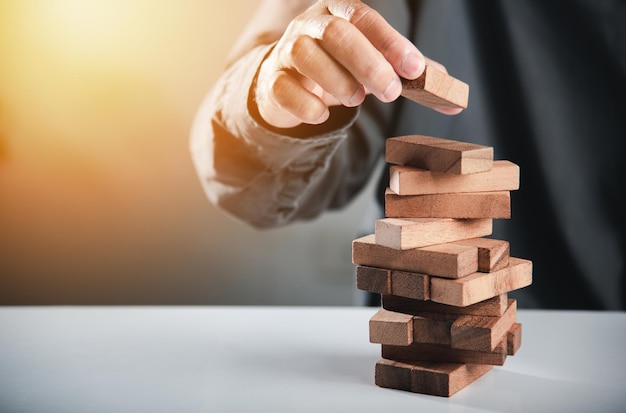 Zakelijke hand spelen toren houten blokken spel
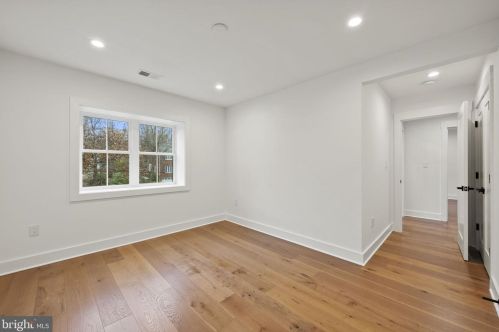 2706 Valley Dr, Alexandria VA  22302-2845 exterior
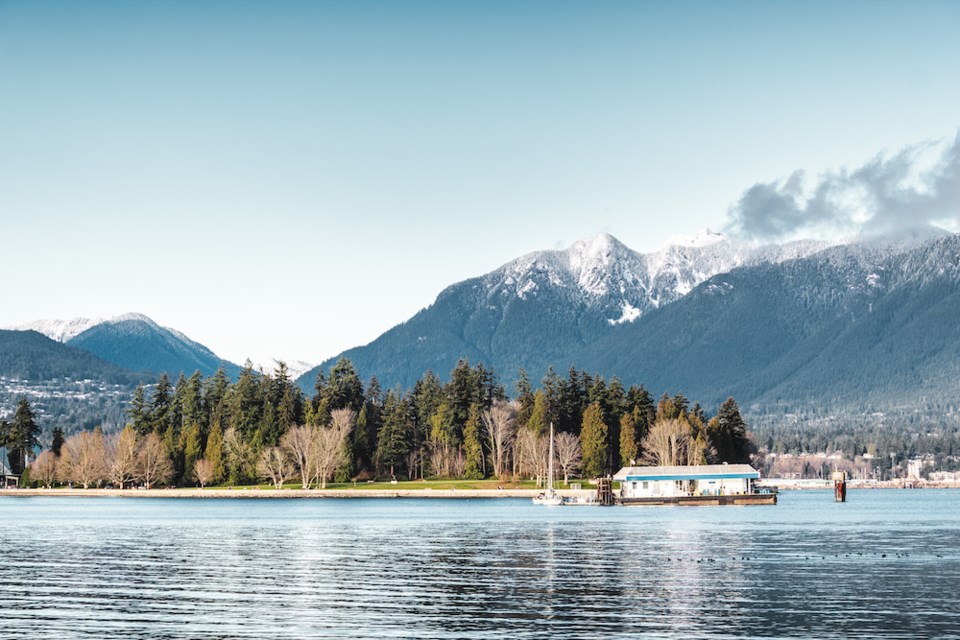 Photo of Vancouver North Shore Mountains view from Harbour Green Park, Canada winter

◆ Task item
The whole listing should be printed again exactly as written, images excluded.

◆ Expected output
 Zakelijke hand spelen toren houten blokken spel
 2706 Valley Dr, Alexandria VA  22302-2845 exterior
 Photo of Vancouver North Shore Mountains view from Harbour Green Park, Canada winter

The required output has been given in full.